Before the design was completed, Maryland Department of the Environment introduced new Enhanced Nutrient Removal (ENR) goals for major treatment facilities of 3 mg/l total nitrogen and 0.3 mg/l total phosphorus. Because of the more stringent treatment goals, the Joint Venture modified the process design to include a four-stage Bardenpho process. By incorporating state-of-the-art ENR process technology, the Mattawoman WWTP has the ability reduce its nitrogen discharges to the Chesapeake Bay by more than 2 million pounds per year.
During the design GMB provided cost analyses used to determine grant funding eligibility. As a result, the project was funded nearly 40% by grants from MDE.
Upon completion of the ENR Upgrade project, Charles County now has one of the most innovative and “state-of-the-art” wastewater treatment plants in Maryland. The County has the ability to increase the future capacity of the plant, reduce its nutrient discharges to the Bay, and at the same time meet the anticipated TMDL requirements.
Additionally, during the design study and report phase, Charles County amended the project scope to have the Joint Venture determine if 6 MGD of treated effluent could be provided to the proposed Kelson Ridge Energy Facility for cooling with 2 MGD of blowdown water returned to Mattawoman for treatment without affecting the BNR process. The Joint Venture analysis resulted in a creative design modification which not only provided for wastewater recycling and reuse, but created unique opportunities to further reduce nitrogen loadings to the Potomac River.
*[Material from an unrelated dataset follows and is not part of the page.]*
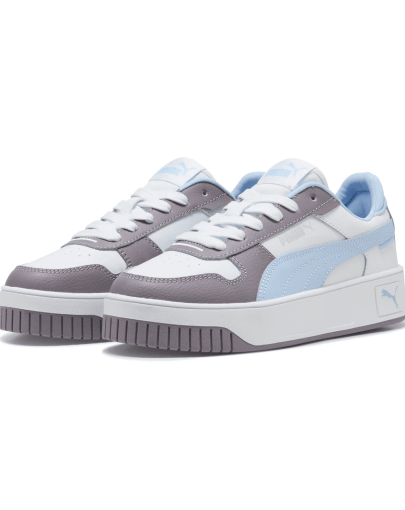 puma__pum-393846-22__frontview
These additional reductions created opportunities for the Mattawoman Plant to be re-rated for higher wastewater volumes to be processed at the current facility and will extend the time before the next expansion from 15 MGD to 25 MGD.
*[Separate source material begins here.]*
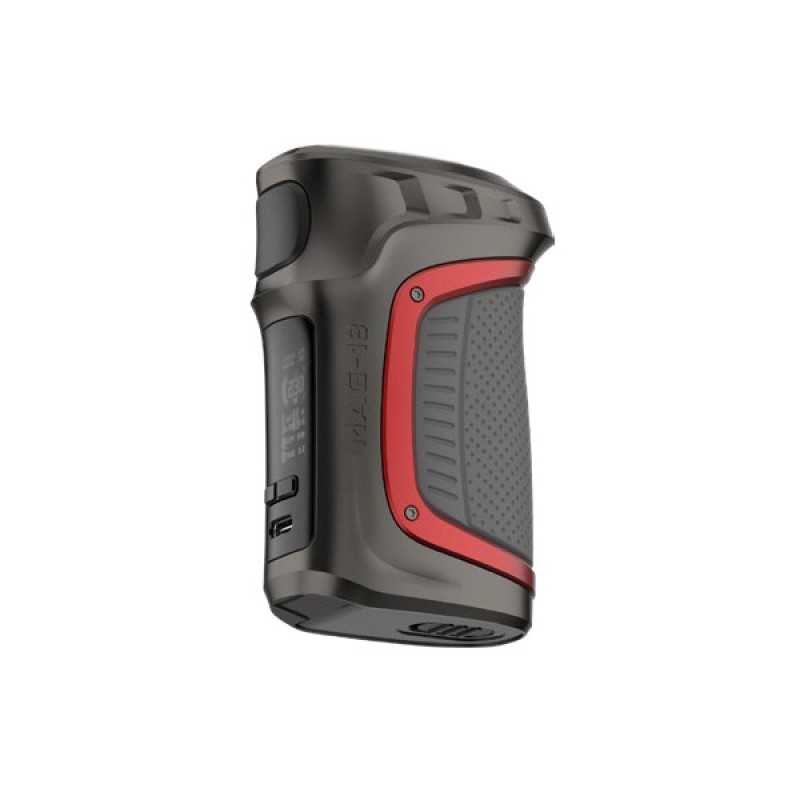 SMOK MAG 18 Box Mod 230W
The project also includes development of a new plant configuration as part of the BNR upgrade which allows room for future expansions and incorporates new primary and secondary clarifiers, yard piping, and electrical modifications. The design will result in a MLE process which will easily achieve an 8 mg/l upon start-up, has the ability to add methanol to achieve 4 to 6 mg/l, and can later be easily converted to a Bardenpho process within the proposed reactor tanks by constructing additional anoxic zones to achieve a 3 mg/l limit.
Upon completion, the Mattawoman BNR project will provide Charles County with one of the most innovative, flexible, and “start-of-the-art” wastewater plants in Maryland. The application of unique design parameters, reuse/recycling innovations, and multi-phase nitrogen removal will uniquely position the County to meet changing Bay goals, to be able to trim with methanol to preserve growth opportunities, achieve pollution reduction credits from the Kelson Ridge reuse/recycling project, and most importantly, incorporate the ability to meet anticipated TMDL requirements. In addition, the project will incorporate septage receiving facilities, provide a new electrical building, and provide for any necessary odor control equipment.
GMB’s design engineers adapted six existing aeration tanks into three new oxidation ditch configurations to take full economic advantage of the existing concrete tankage. To provide flexibility for future expansion, GMB recommended lengthening of the existing concrete tanks. Increased tank volumes would allow easy conversion to a higher level of treatment or provide additional treatment capacity for future growth. The County also decided to construct two additional oxidation ditches as part of the upgrade to expand average daily capacity from 15 to 20 MGD.
GMB provided Construction Administration services and two full-time inspectors during the three-year construction period. The entire ENR upgrade was completed while keeping the Mattawoman WWTP in full operation throughout the construction.